SpeechGPT
SpeechGPT copied to clipboard
stage 2: dimension mismatch
Hello,
I encounter this issue when running cm_sft.py
0: File "SpeechGPT/speechgpt/src/train/cm_sft_modified.py", line 460, in <module>
0: train()
0: File "SpeechGPT/speechgpt/src/train/cm_sft_modified.py", line 428, in train
0: train_result = trainer.train(resume_from_checkpoint=checkpoint)

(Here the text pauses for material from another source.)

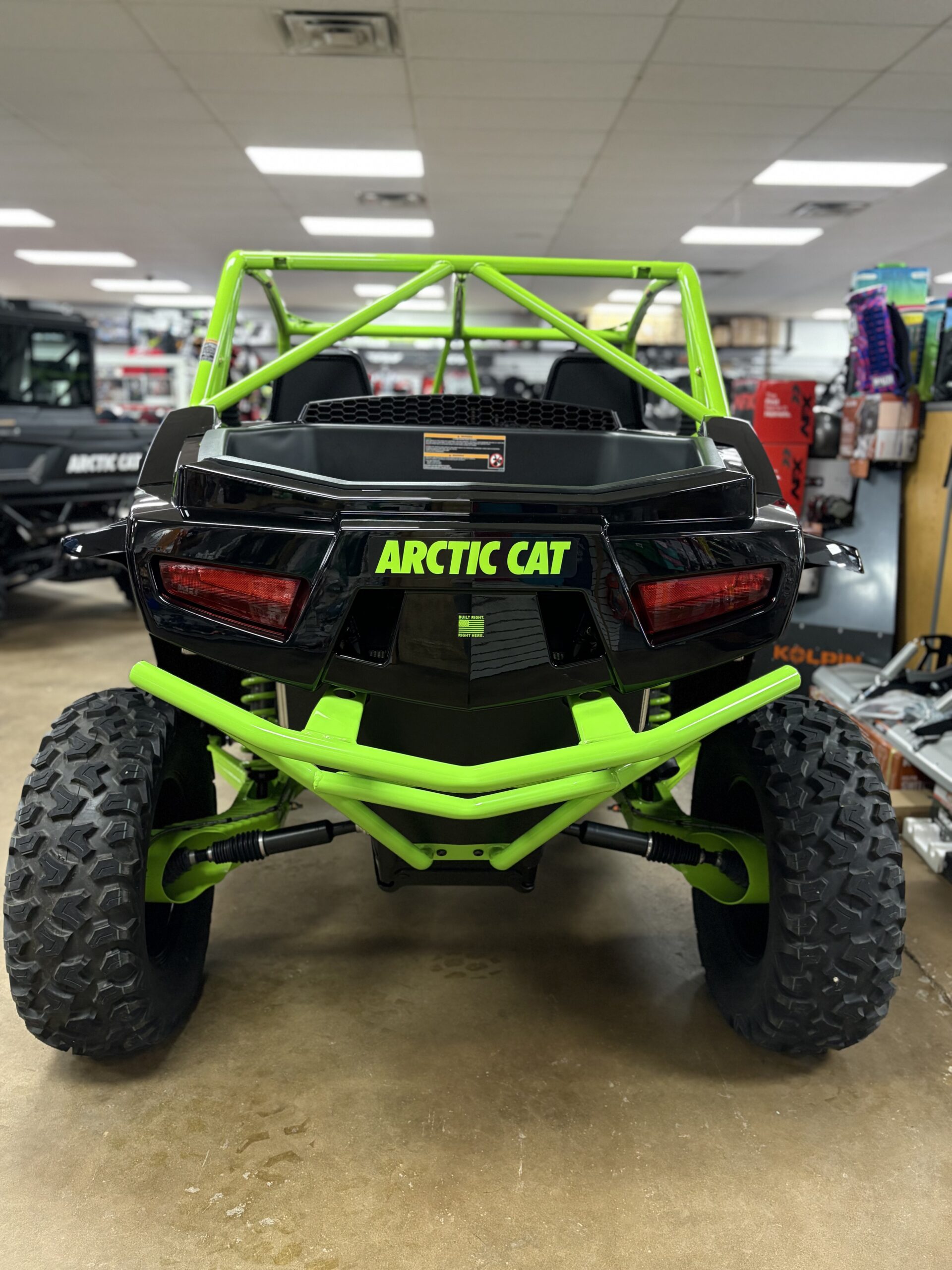 2025 WILDCAT XX LIMITED BLACK - Image 4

0: File "/usr/local/lib/python3.10/dist-packages/transformers/trainer.py", line 1539, in train
0: return inner_training_loop(
0: File "/usr/local/lib/python3.10/dist-packages/transformers/trainer.py", line 1836, in _inner_training_loop
0: for step, inputs in enumerate(epoch_iterator):
0: File "/usr/local/lib/python3.10/dist-packages/accelerate/data_loader.py", line 560, in __iter__
0: next_batch, next_batch_info = self._fetch_batches(main_iterator)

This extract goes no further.